(Stored entries)
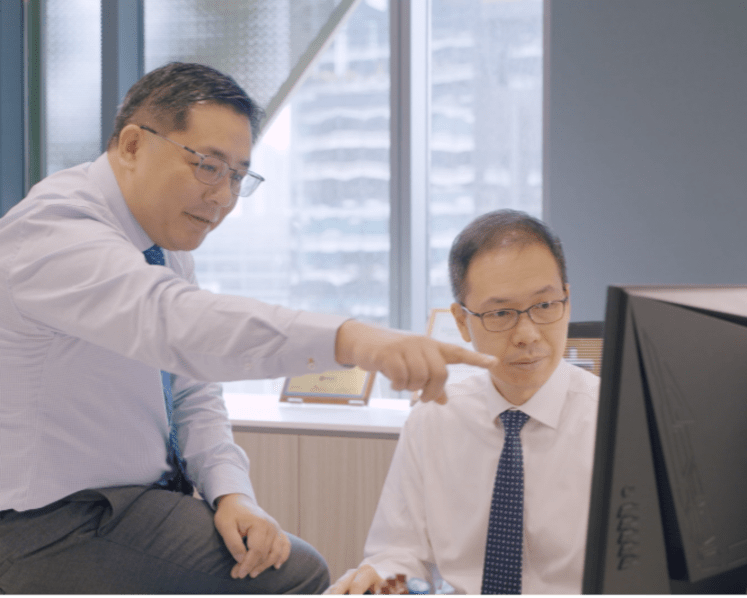 Unlocking aortic stenosis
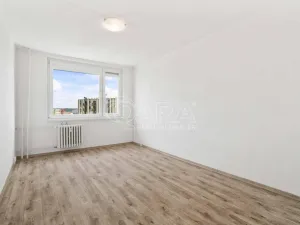Pronájem bytu 3+1, Praha - Stodůlky, Neustupného, 90 m2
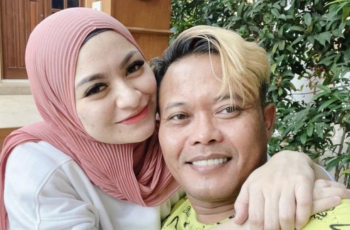 Sule Minta Maaf Atas Kegaduhan Nathalie Holscher di Media Sosial: Jangan Diperbesar Lagi
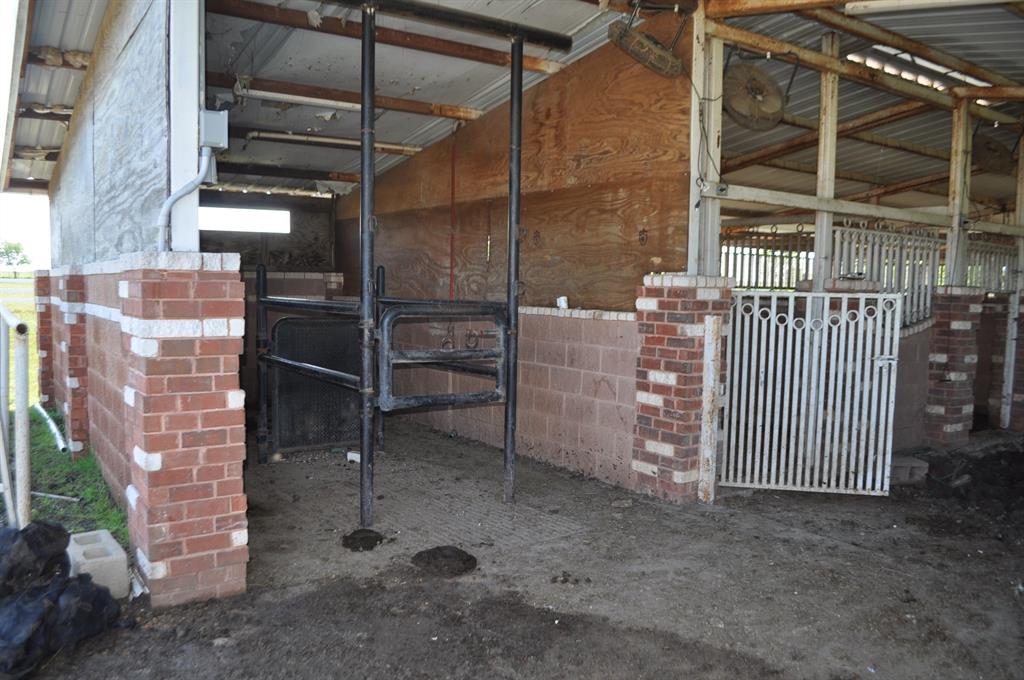 Lone Star Estates Ph I - Farm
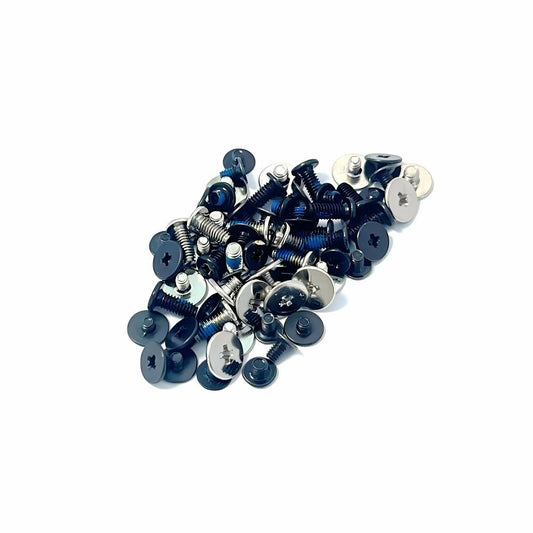 Acer Nitro V 15 ANV15-51 ANV15-51-515P ANV15-51-54UL ANV15-51-98N0 Set of Screws Kit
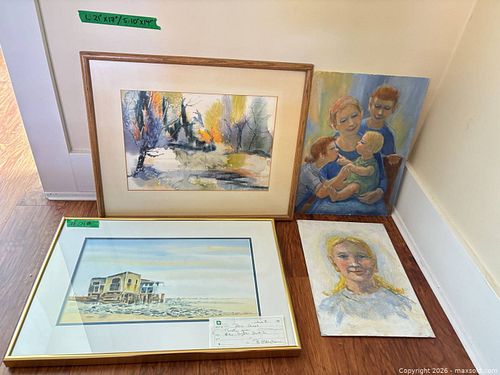 Lot #18 (1 of 8)
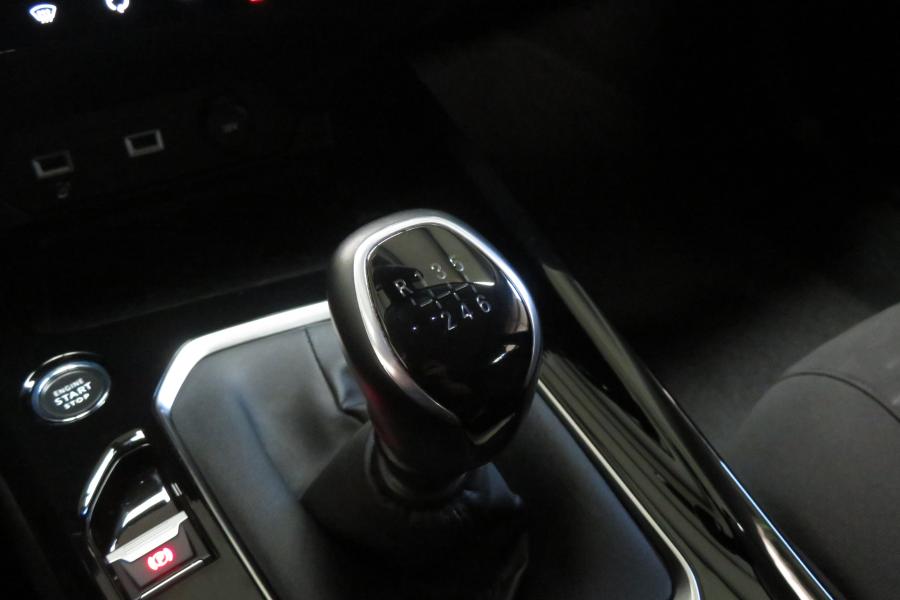 Peugeot 508 SW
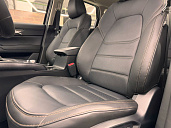 Mazda CX-5, 2024г., передний привод, автомат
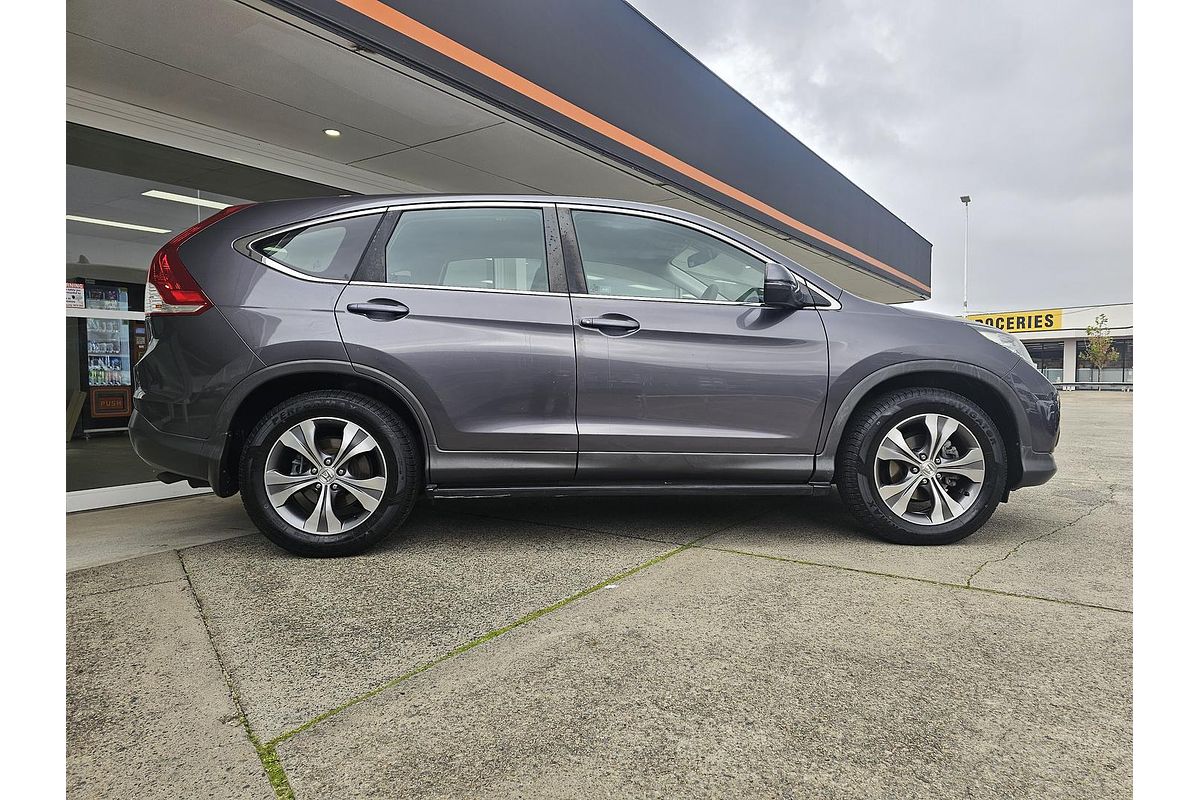 2014 Honda CR-V VTi RM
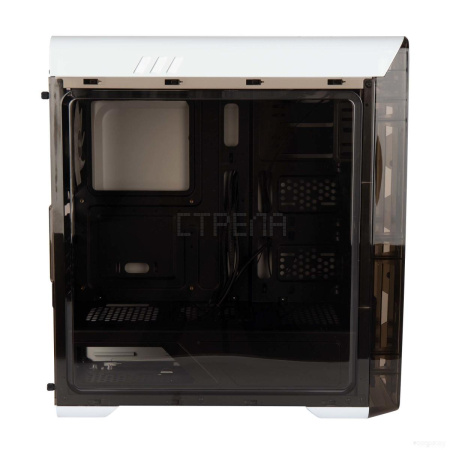 Корпус HIPER M11 FRGB-WT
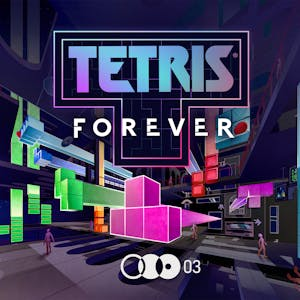 Tetris Forever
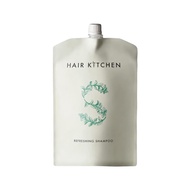 Shiseido Professional Hair Kitchen Refreshing Shampoo 1000ml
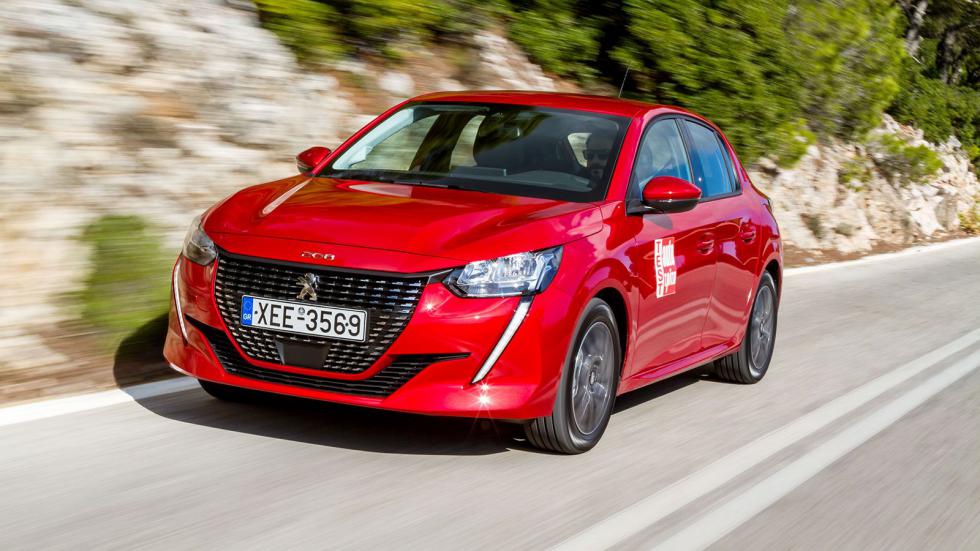 Ποια έκδοση κινητήρα του Peugeot 208 να επιλέξω;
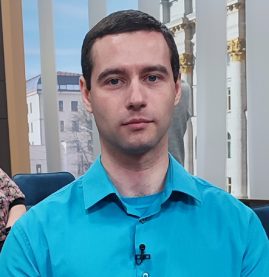 Бампи Евгений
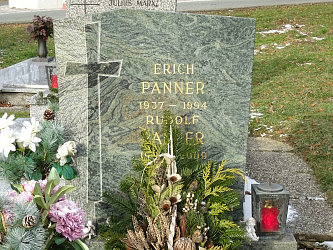 Friedhof Neusiedl bei Gssing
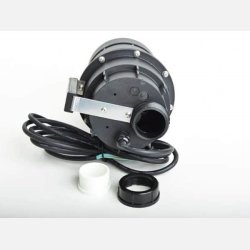 Luftblser 200W til spabade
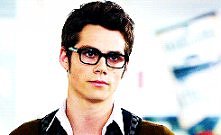 Dylan O'Brien The Internship (Stażyści)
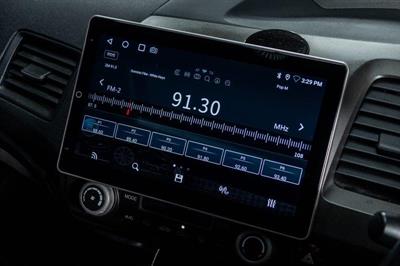2008 Honda Civic - Thumbnail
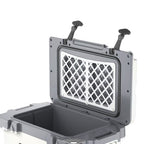 RTIC QT Ultra-Light Wheeled Cooler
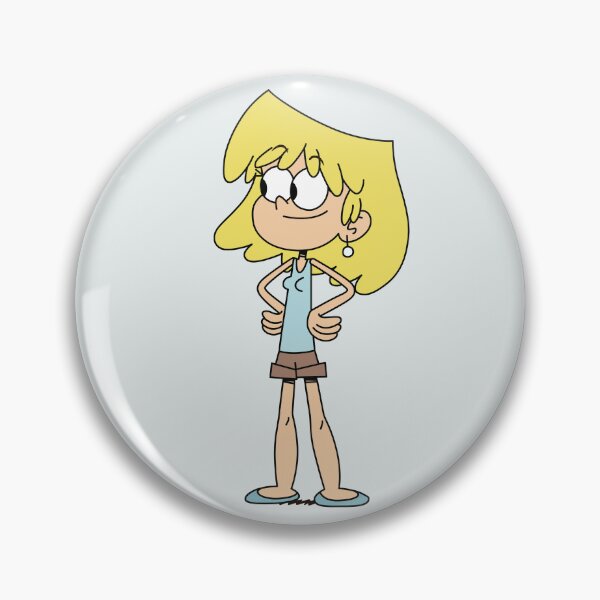 Item preview, Lori Loud happy full body The Loud House designed and sold by Diamanths.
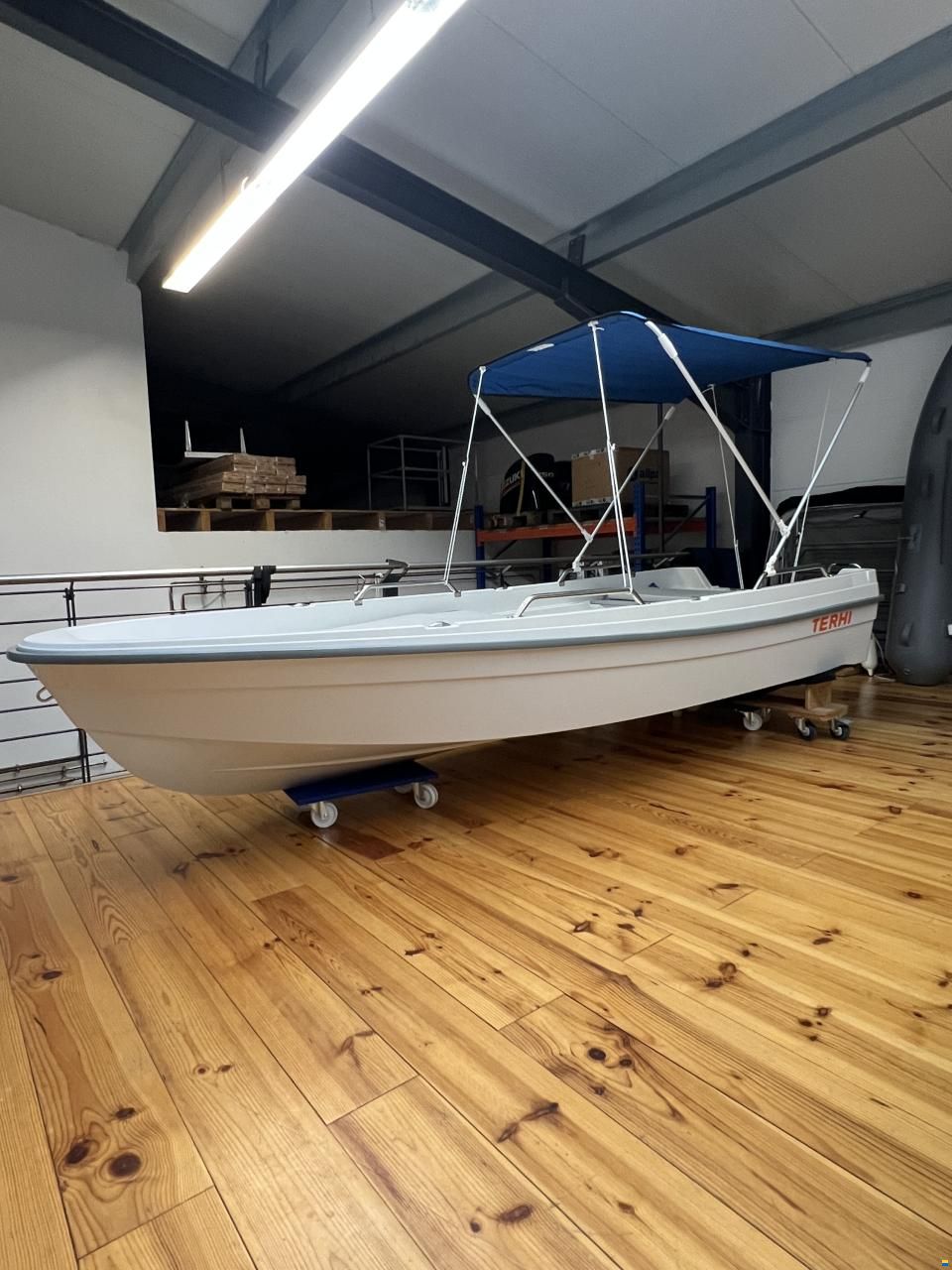 Terhi 400 C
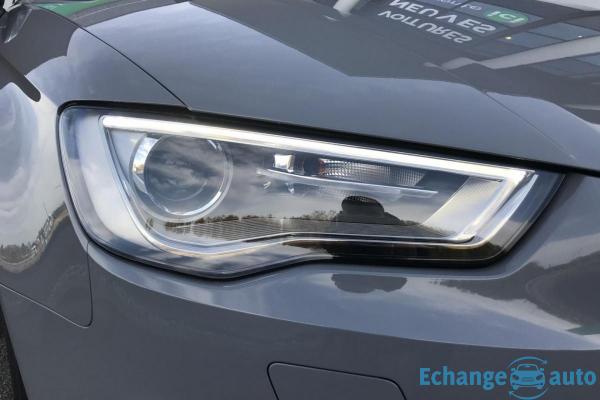 Audi A3 BERLINE 1.4 TFSI 150 SLINE BVM6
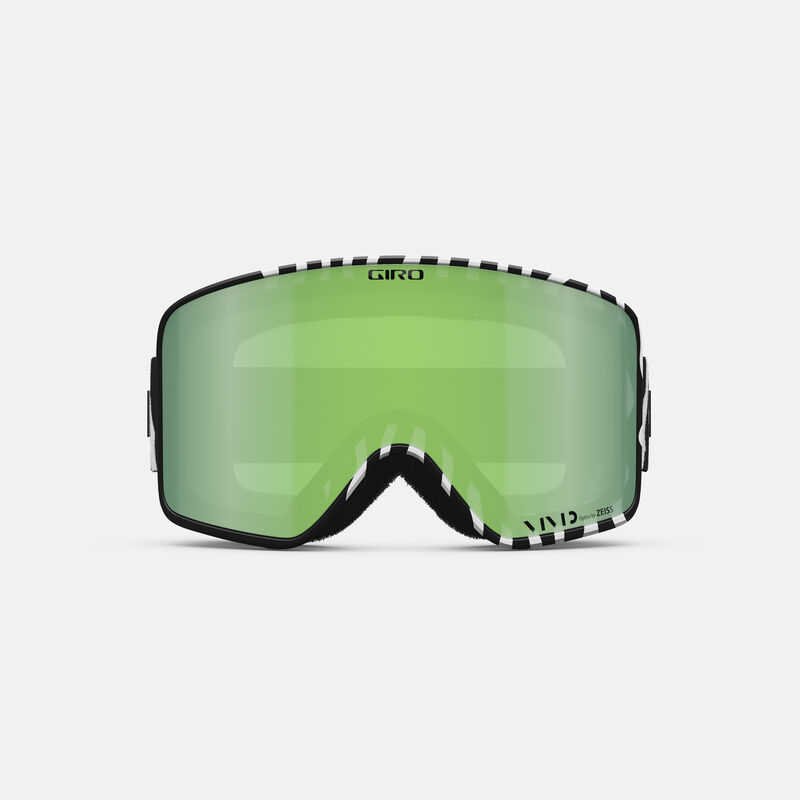 Method Goggle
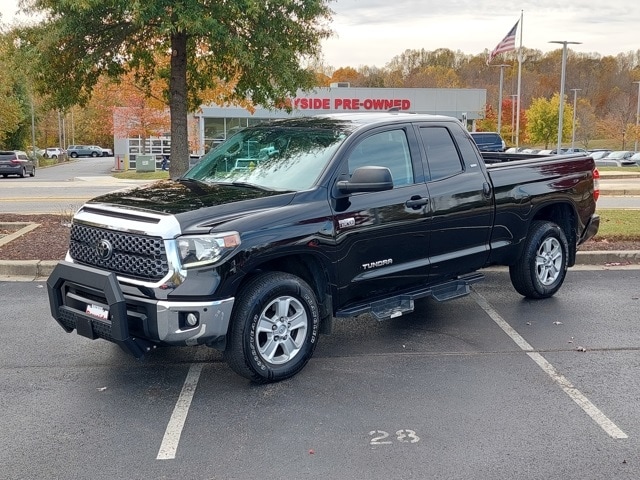 2020 Toyota Tundra SR5 Grade photo 3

#### Problem description:
Hand back the records above exactly as they are, pictures excluded.

#### Output of the exercise:
 Unlocking aortic stenosis
Pronájem bytu 3+1, Praha - Stodůlky, Neustupného, 90 m2
 Sule Minta Maaf Atas Kegaduhan Nathalie Holscher di Media Sosial: Jangan Diperbesar Lagi
 Lone Star Estates Ph I - Farm
 Acer Nitro V 15 ANV15-51 ANV15-51-515P ANV15-51-54UL ANV15-51-98N0 Set of Screws Kit
 Lot #18 (1 of 8)
 Peugeot 508 SW
 Mazda CX-5, 2024г., передний привод, автомат
 2014 Honda CR-V VTi RM
 Корпус HIPER M11 FRGB-WT
 Tetris Forever
 Shiseido Professional Hair Kitchen Refreshing Shampoo 1000ml
 Ποια έκδοση κινητήρα του Peugeot 208 να επιλέξω;
 Бампи Евгений
 Friedhof Neusiedl bei Gssing
 Luftblser 200W til spabade
 Dylan O'Brien The Internship (Stażyści)
2008 Honda Civic - Thumbnail
 RTIC QT Ultra-Light Wheeled Cooler
 Item preview, Lori Loud happy full body The Loud House designed and sold by Diamanths.
 Terhi 400 C
 Audi A3 BERLINE 1.4 TFSI 150 SLINE BVM6
 Method Goggle
 2020 Toyota Tundra SR5 Grade photo 3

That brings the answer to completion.